What do these odd outputs tell us about an LLM’s training data? In each case, there’s a story of data quirks “leaking” into the model’s behavior:

  • Internet Scraping Artifacts: Many glitch tokens have been traced to online communities or platform data. The Reddit counting forum is a prime example – users like “SolidGoldMagikarp” and “TheNitromeFan” posted so prolifically that their usernames became tokens, yet they don’t appear in normal text. Similarly, tokens like “TPPStreamerBot” came from the Twitch Plays Pokémon phenomenon, where a bot account’s frequent messages were scraped into the training set. These sources are unusual domains of text that a model wouldn’t typically see in a book or news article, hence their isolated and unsystematic influence.
  • Poorly Processed Data (OCR/Encoding): The presence of strings like “ÃÂÔ or clipped words like “volunte” indicate that some training texts were not clean. This could happen if a PDF was OCRed with errors or if a website’s text was encoded incorrectly. The language model doesn’t “know” these are mistakes – it just treats them as legitimate sequences of characters. Thus, if prompted in just the right way, the model might reproduce an OCR mistake (for example, reading “modern” as “modem” if that error appeared often enough in scanned texts). While such direct OCR-derived errors are less commonly noticed by users, they contribute to the model’s sometimes inconsistent spelling and odd character output.
  • Combined or Truncated Tokens: Some artifacts come from the way tokenization splits words. Byte-pair encoding can fuse rarely seen combinations into one token. For example, “ByPrimaryKey” (observed as a glitch token in GPT-4) is likely an artifact of coding text (By Primary Key without space). The model might have never seen “ByPrimaryKey” in normal writing, so if asked about it, it could stumble or break it apart strangely. Truncated tokens like the “volunte” from “PsyNetMessage” suggest the tokenizer grabbed a fragment that never appears standalone in meaningful text, again leaving the model with a piece it can’t reconcile logically.
  • Avoidance and Safety Training Effects: An interesting angle is how the model reacts to these artifacts. Rumbelow and Watkins noted that ChatGPT would go to great lengths to avoid outputting certain glitch words – even fabricating jokes, feigning ignorance, or using spelling-out as an avoidance tactic. This hints that later safety training (RLHF) might have penalized those outputs, or the model “felt” they were not valid words. In one whimsical analysis, a blogger even likened the AI’s evasive maneuvers to psychological defense mechanisms of a traumatized patient. The model spelling a troublesome token letter by letter (e.g. turning “petertodd” into “P-E-T-E-…”) is akin to a person refusing to say a taboo word and spelling it out instead. Such behaviors illustrate the layered complexity: the base model’s data quirks intertwine with high-level instructions to avoid nonsense or profanity, yielding creative but odd outputs.

Conclusion

From glitchy gobbledygook to unintended insults, these artifacts highlight the less polished corners of an LLM’s knowledge. They are a reminder that beneath the fluent surface of AI-generated English lies a vast patchwork of internet text – complete with typos, metadata, user handles, and encoding errors. Most of the time, models handle this noisy training data gracefully, abstracting the useful patterns. But once in a while, a strange prompt pokes a dormant fragment of that noise, and the result can be baffling or darkly comedic.

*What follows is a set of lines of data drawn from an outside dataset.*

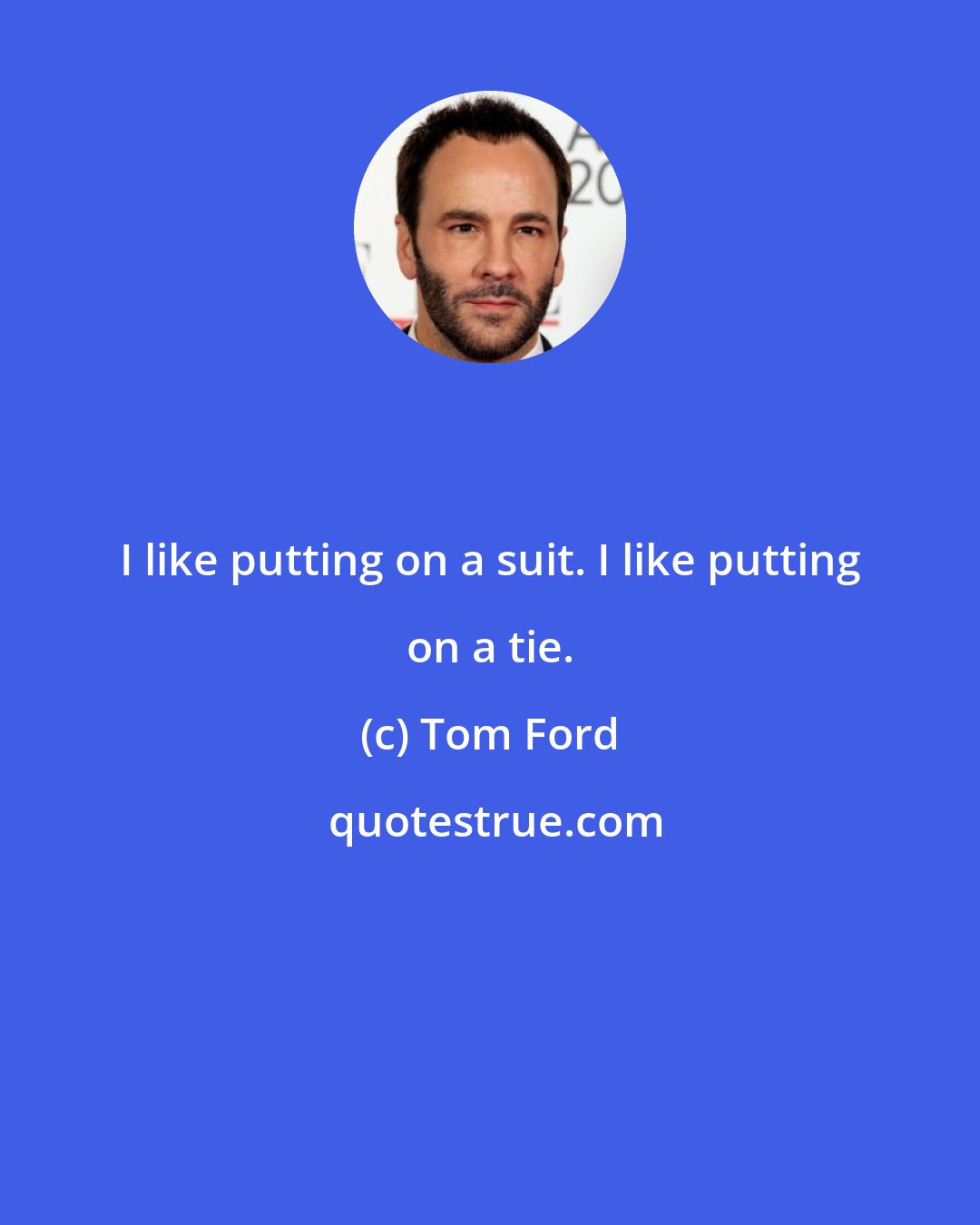 Tom Ford: I like putting on a suit. I like putting on a tie.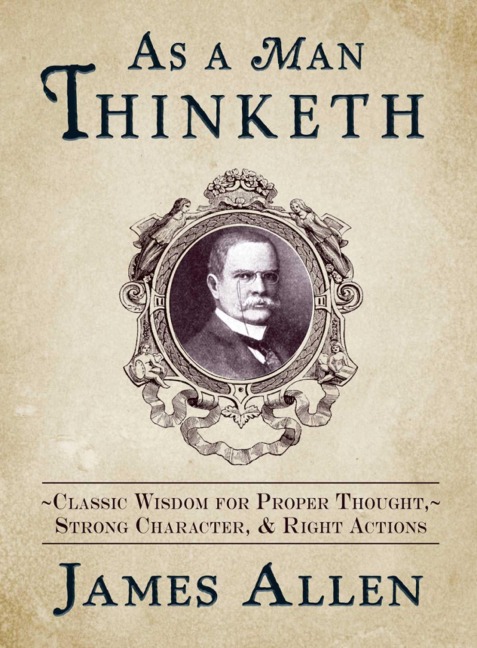 As a Man Thinketh - James Allen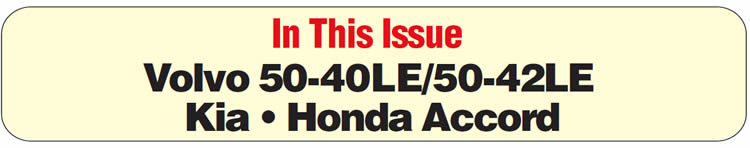 In This Issue
Volvo 50-40LE/50-42LE: Code P0740 or P0741
Kia: Erroneous DTCs
2003 Honda Accord: No Reverse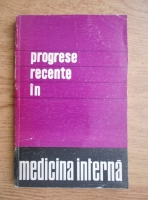 R. Alinescu - Progrese recente in medicina interna 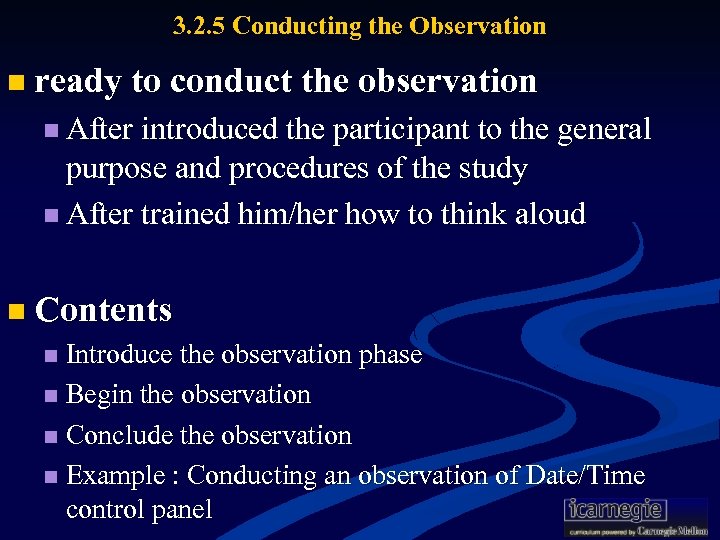 3. 2. 5 Conducting the Observation n ready to conduct the observation n After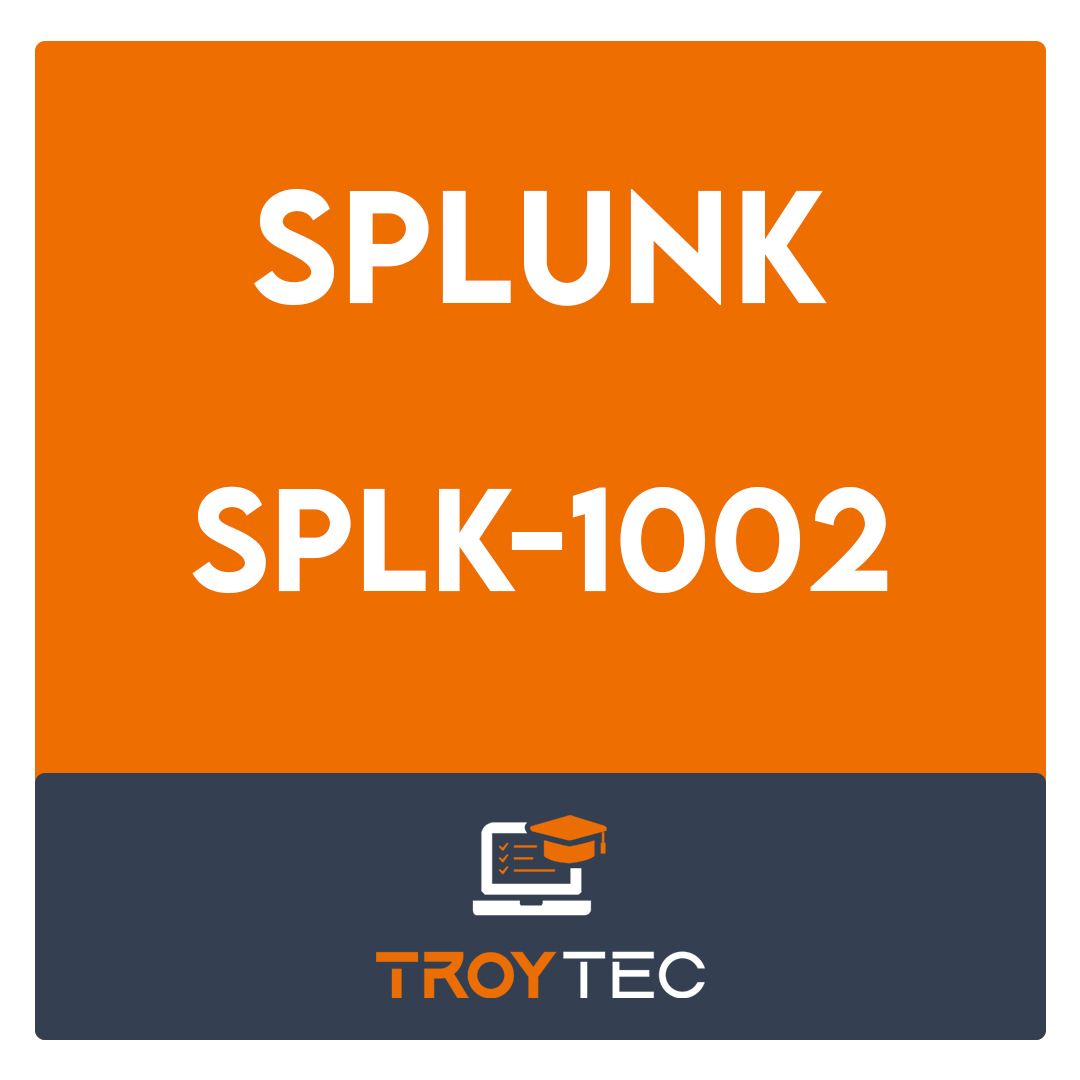 SPLK-1002-Splunk Core Certified Power User Exam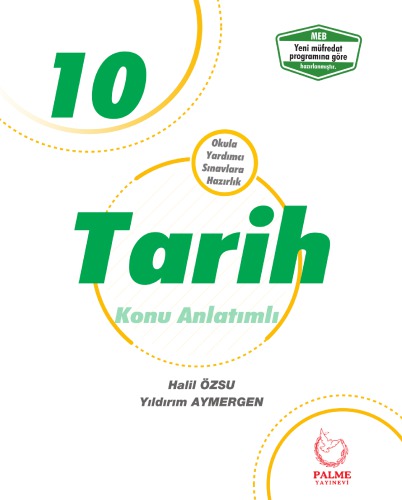 Palme 10. Sınıf Tarih Konu Anlatım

Continued research into these anomalies has practical importance: by identifying glitch tokens and weird failure cases, developers can patch models or adjust tokenization to avoid unpredictable behavior. It also offers a fascinating peek into the hidden contents of large training sets. As one Reddit user from the counting saga quipped upon learning their username was a “forbidden token,” it was “amusing that the supposedly near-perfect AI could malfunction like that on a simple word”. Each artifact – be it a mangled word or a burst of gibberish – is essentially a fingerprint of imperfection in the data that taught the AI. And as such, these glitches not only make for quirky AI humor, but also guide us in improving data quality and model robustness going forward.